Defective responses to physiological insults to the lungs leads to excessive damage and pulmonary fibrosis in the lungs of patients with Hermansky-Pudlak syndrome (HPS), according to a new study from the laboratory of Dr. Jack A. Elias at Brown University. The study, “Chitinase 3–like–1 and Its Receptors in Hermansky-Pudlak Syndrome–Associated Lung Disease,” which was published in the Journal of Clinical Investigation, is the first to identify the cause of HPS is a defect in the Chitinase-3-like-1 (CHI3L1) protein response, suggesting two therapeutic options that target the mechanism.
The spark of symptoms starts with physiological insults to the lungs in the form of smoke or dust. Normally, cells use the CHI3L1 protein to stay alive, but patients with HPS have a genetic defect that affects this process. “The body is trying to shut off the cell injury and repair itself but, because of this genetic defect, the attempt to shut off the injury does not work,” explained Dr. Elias, in a news release from Brown University. “The result is that CHI3L1 is ramped up higher and higher and higher and produces exaggerated scarring. The cost of that is the patient cannot control the injury response and gets pathologic scarring.”

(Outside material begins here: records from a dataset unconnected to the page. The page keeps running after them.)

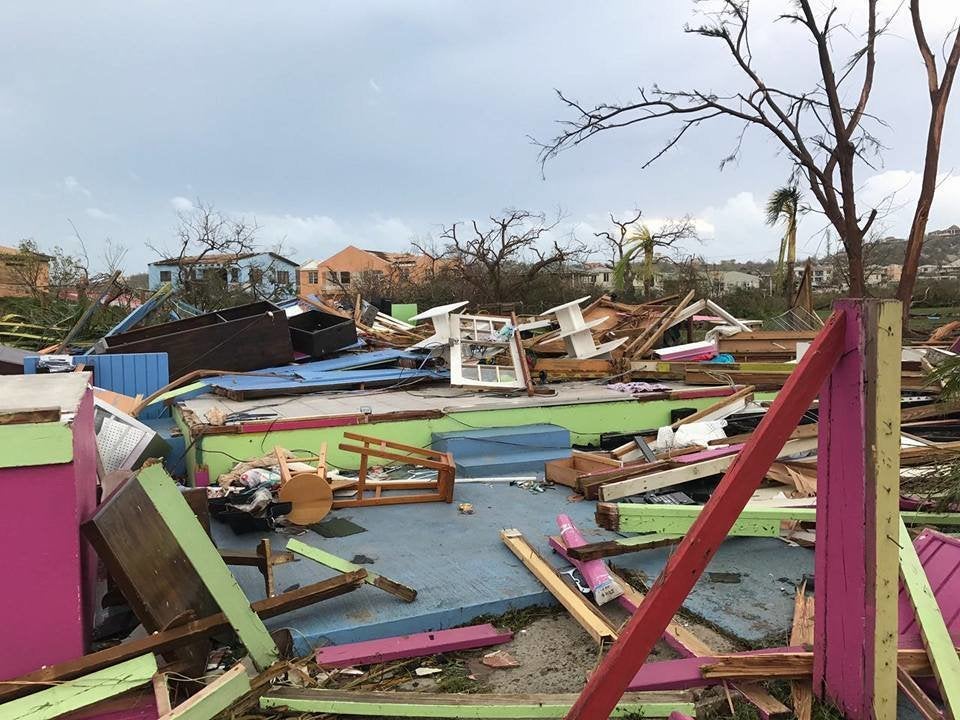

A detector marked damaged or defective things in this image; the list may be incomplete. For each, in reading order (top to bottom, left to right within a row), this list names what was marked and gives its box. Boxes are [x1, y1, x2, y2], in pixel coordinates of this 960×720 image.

broken furniture [96, 300, 296, 376]
broken furniture [288, 306, 360, 358]
broken furniture [540, 294, 632, 358]
broken furniture [336, 434, 456, 506]
broken furniture [0, 372, 97, 680]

Excessive cell death and increasingly higher scarring in the lungs results in compromised lung function. The research team saw these effects when they created genetic mutations in mice that led to accumulated CHI3L1 that could not reach the cell membrane of damaged cells to save the cells from death. The mutations affected the ability of CHI3L1 to traffic to the cell membrane and interact with interleukin-13 (IL-13) receptor alpha2, as the IL-13 receptor was deficient.
After identifying the problem, the researchers on the team at Brown, Yale, and the National Human Genome Research Institute manipulated HPS-mutant mice again with another genetic alteration to increase IL-13 receptor alpha2 expression. By increasing the amount of this receptor on the cell membrane, cells were able to traffic CHI3L1 to the membrane and survive.

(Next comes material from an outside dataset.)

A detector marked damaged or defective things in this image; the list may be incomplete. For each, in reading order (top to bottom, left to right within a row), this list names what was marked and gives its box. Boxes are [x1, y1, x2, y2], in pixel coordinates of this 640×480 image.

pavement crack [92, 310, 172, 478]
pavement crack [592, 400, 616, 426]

An additional insight gained from the study was how the mutated CHI3L1 response leads to fibrosis. Scarring due to excess collagen production is a result of the interaction between CHI3L1 and CRTH2. Suppressing CRTH2 in HPS-mutant mice led to reduced scarring. These results may transition well into clinical trials, as some drug companies are already producing CRTH2 suppressors for other indications. “We have more work to do experimentally,” said Dr. Elias. “At that point, if we can show that the drugs that have already been produced by the different companies work in our model systems then taking them into man ought to move forward as quickly as possible.”
Patients with HPS are approximately one or two in a million worldwide, although in northwest Puerto Rico the HPS-1 subtype occurs once in every 1,800 people. Symptoms range from albinism to visual impairment to slow blood clotting, but the most severe symptom of lung scarring can lead to death within 10 years of the start of scarring. Pulmonary fibrosis generally presents in patients with HPS-1 and HPS-4 when they are in their 30s or 40s. By identifying the mechanism of disease involves the protein CHI3L1, researchers may be able to use the results of this study to develop diagnostic tools to detect HPS and treatments for HPS patients to extend their lives.